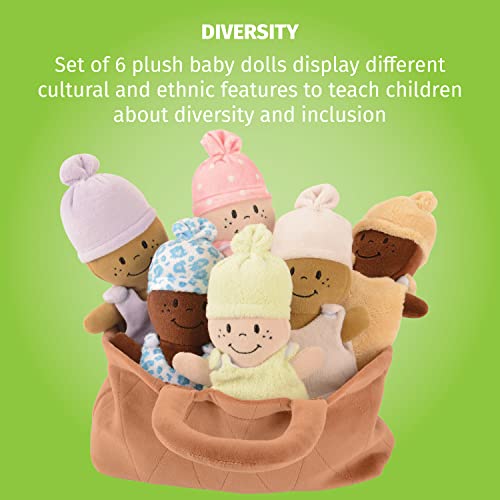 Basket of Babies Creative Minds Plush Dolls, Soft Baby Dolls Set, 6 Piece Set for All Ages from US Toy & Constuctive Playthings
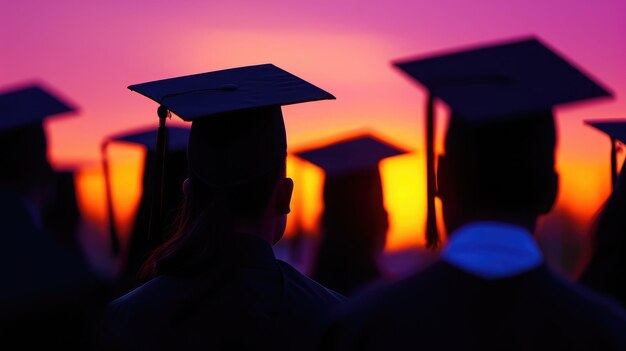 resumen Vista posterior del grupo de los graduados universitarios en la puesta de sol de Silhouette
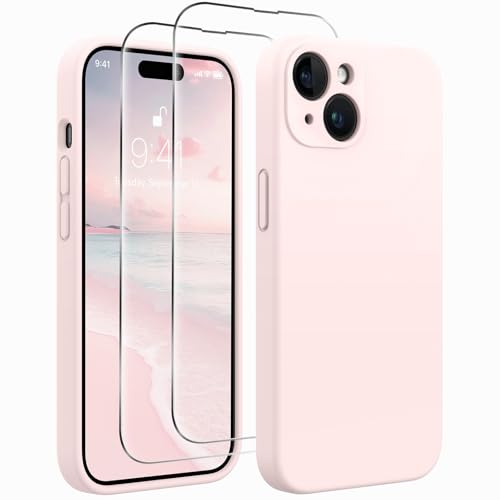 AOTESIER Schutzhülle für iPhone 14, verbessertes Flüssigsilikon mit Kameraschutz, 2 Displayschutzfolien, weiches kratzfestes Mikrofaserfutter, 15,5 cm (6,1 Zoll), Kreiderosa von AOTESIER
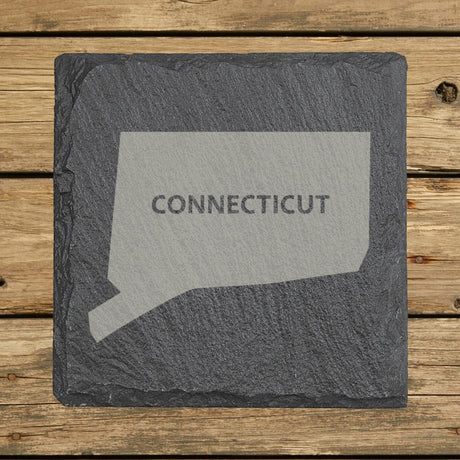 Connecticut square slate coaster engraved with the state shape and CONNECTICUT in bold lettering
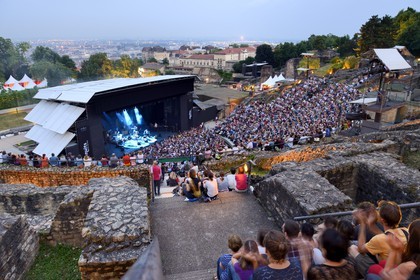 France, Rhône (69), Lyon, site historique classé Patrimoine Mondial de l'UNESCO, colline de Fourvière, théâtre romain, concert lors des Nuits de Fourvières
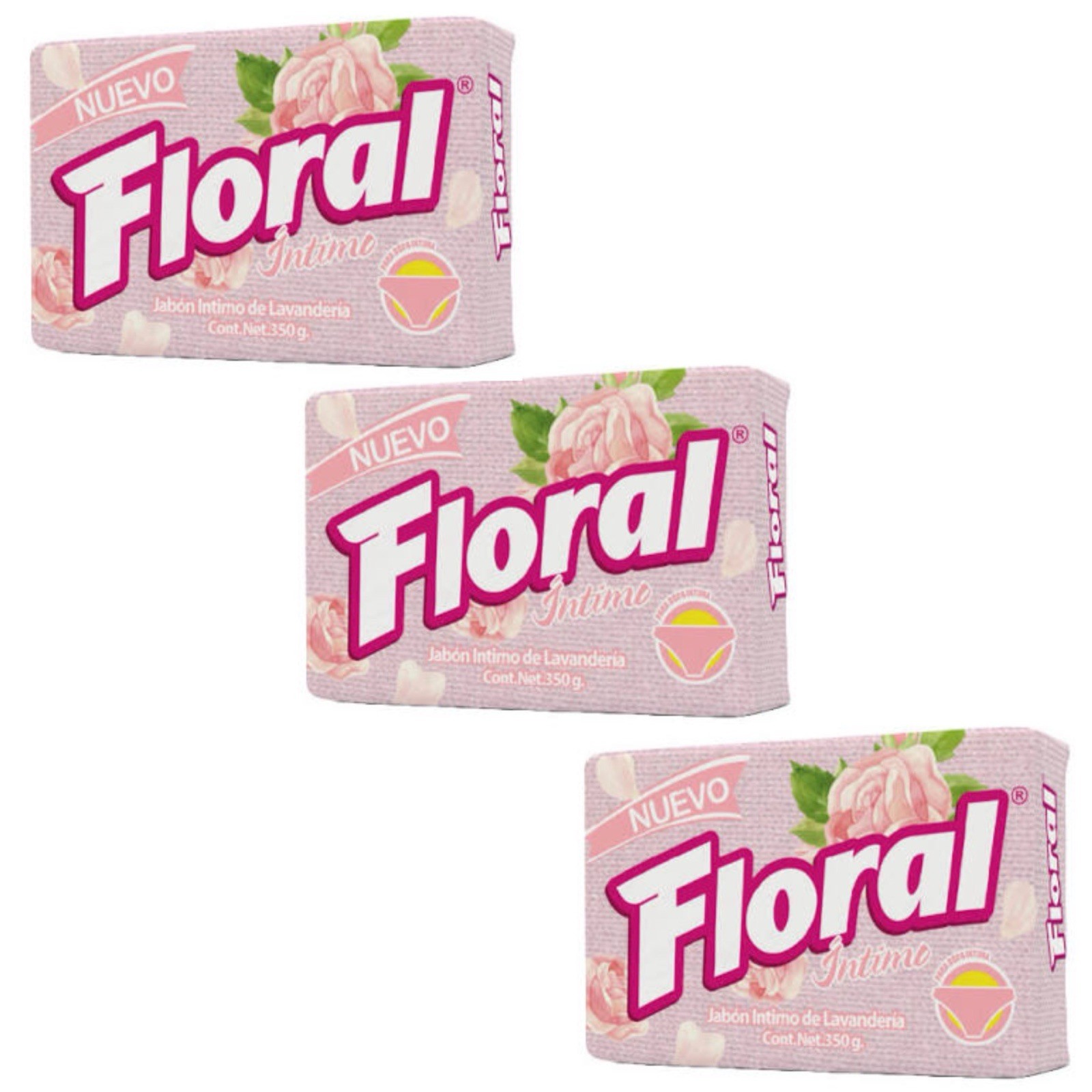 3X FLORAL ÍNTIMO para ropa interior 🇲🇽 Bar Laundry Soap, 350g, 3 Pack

+++

Your task >> The entries above need to be repeated word for word, minus their pictures.

Solution for this problem >>
 Basket of Babies Creative Minds Plush Dolls, Soft Baby Dolls Set, 6 Piece Set for All Ages from US Toy & Constuctive Playthings
 resumen Vista posterior del grupo de los graduados universitarios en la puesta de sol de Silhouette
 AOTESIER Schutzhülle für iPhone 14, verbessertes Flüssigsilikon mit Kameraschutz, 2 Displayschutzfolien, weiches kratzfestes Mikrofaserfutter, 15,5 cm (6,1 Zoll), Kreiderosa von AOTESIER
 Connecticut square slate coaster engraved with the state shape and CONNECTICUT in bold lettering
 France, Rhône (69), Lyon, site historique classé Patrimoine Mondial de l'UNESCO, colline de Fourvière, théâtre romain, concert lors des Nuits de Fourvières
 3X FLORAL ÍNTIMO para ropa interior 🇲🇽 Bar Laundry Soap, 350g, 3 Pack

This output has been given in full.